Practical Computing for Population Health Research
EPI XXX | Fall 2099 | Stanford University
Instructor
Mathew Kiang | Department of Epidemiology and Population Health | mkiang@stanford.edu
WARNING: This is not a real course
This is a fictional course. I spent about 18 months interviewing PhD students, gathering notes, and cataloging gaps in what other Stanford courses cover. I wanted to make a class that would equip students with the basic computational skills I would desire for a potential research assistant in my lab. The goal is a class that provides students with the meta-skills of computational work specific to population health research.

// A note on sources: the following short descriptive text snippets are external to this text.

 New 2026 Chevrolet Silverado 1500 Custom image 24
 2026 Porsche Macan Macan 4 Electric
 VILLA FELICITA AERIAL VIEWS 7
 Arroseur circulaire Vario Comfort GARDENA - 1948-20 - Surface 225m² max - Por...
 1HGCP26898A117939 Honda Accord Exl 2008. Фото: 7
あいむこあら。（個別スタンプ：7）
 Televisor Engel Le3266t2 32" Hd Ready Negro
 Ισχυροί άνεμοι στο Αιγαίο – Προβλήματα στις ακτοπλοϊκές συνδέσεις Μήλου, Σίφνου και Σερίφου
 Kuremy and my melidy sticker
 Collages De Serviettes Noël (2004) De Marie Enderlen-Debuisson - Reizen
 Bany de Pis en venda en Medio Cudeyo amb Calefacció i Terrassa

I ended up being asked to teach a different course, so this is just a place for me to organize my thoughts and share them. I still think the material will be useful to new members of my lab.

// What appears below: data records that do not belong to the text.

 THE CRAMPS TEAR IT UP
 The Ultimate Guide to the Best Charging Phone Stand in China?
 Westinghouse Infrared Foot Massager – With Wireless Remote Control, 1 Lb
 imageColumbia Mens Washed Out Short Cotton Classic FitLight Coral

It is also an exercise in getting used to incorporating AI in my workflow. I’m using AI to sort through my notes, flesh out my outlines, find areas of my lecture notes that lack clarity, draft mermaid diagrams for me, make sure the URLs are still working, convert my rmd files into qmd, etc. That said, I review everything so all mistakes are my own.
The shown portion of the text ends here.